Daha önce de Türk devletinin Efrin işgalinde ABD aynı pozisyonu sergilemiş ve Türk devletinin saldırılarına destek vermişti. Şu anda yapılmak istenen de budur. ABD ve Türk devletinin ittifakı Kürtler üzerinde geliştiği için istediklerini elde etmek o kadar kolay olamayacaktır.

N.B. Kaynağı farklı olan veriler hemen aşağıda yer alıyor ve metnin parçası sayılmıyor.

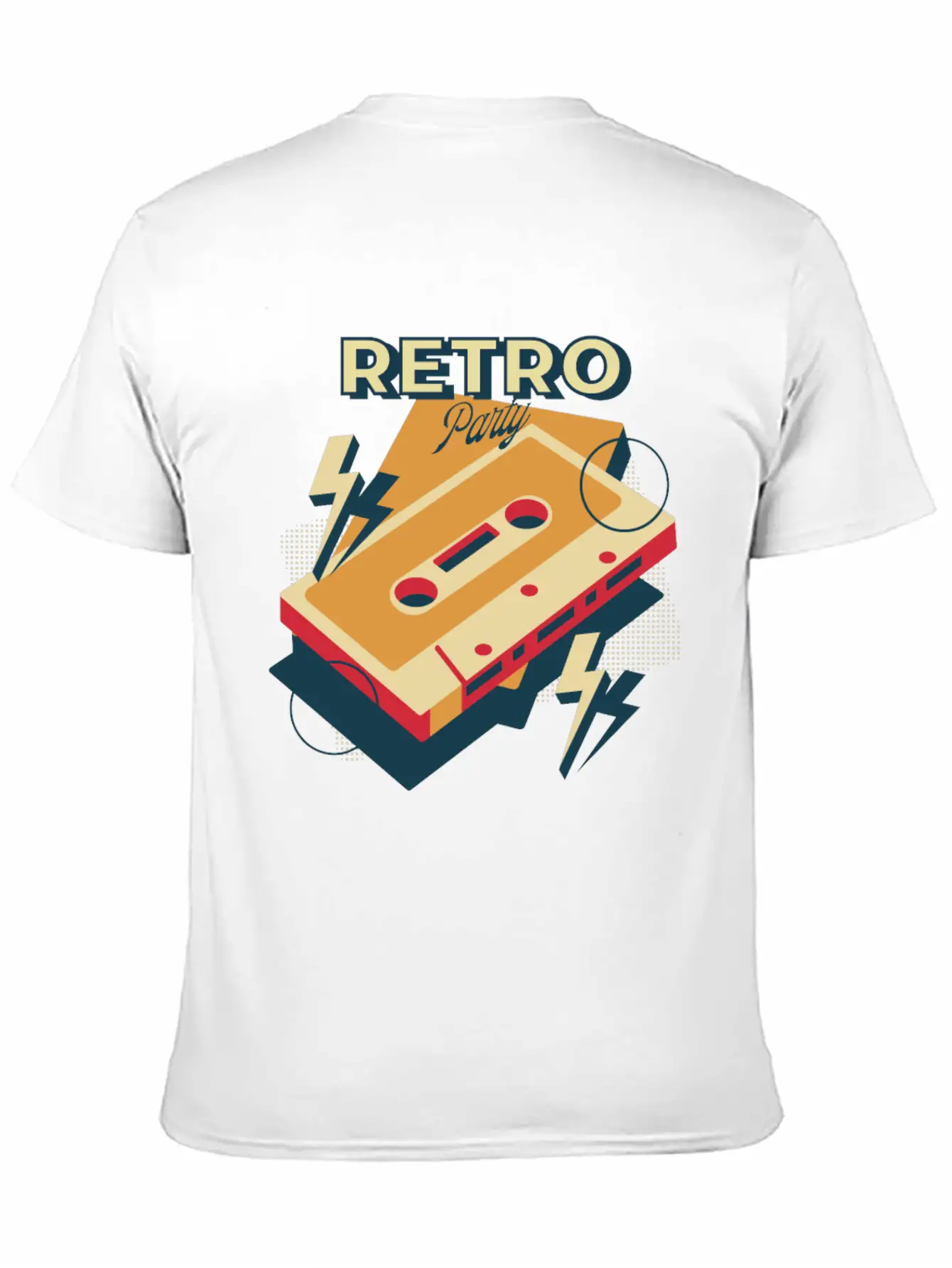 Retro Party Retro Party Disco Cool Art Graphic Col Timeless Short Sleeve Tee – Comfy And Minimalist Design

Efrin her ne kadar ABD, Rusya ve Türk devletinin işbirliğiyle işgal edilmiş olsa da Kürt halkı kendi direnişlerinden vazgeçmedi. Bu doğrultuda yapılacak saldırılara karşı “Kuzey ve Doğu Suriye Özerk Yönetimi Yürütme Meclisi olarak, Erdoğan’ın bölgelerimize yönelik düşmanca açıklamasını ve tehditlerini kınıyoruz. Erdoğan, Suriye krizinin başından beri Misak-ı Milli sınırlarına dönebilmek için Suriye topraklarının bir kısmını Türkiye topraklarına katma çabası içerisindedir. Erdoğan’ın hedefi yalnızca Kuzey ve Doğu Suriye değil, Suriye toprak bütünlüğüdür” açıklaması Kürtlere yapılacak saldıralara karşı büyük bir direnişle cevap verileceğinin cevabıdır. Bu güne kadar Kürtler, yapılan bütün saldırıları boşa çıkartarak başta Türk devleti olmak üzere dış güçlere cevap niteliğinde direnişler sergilemiştir.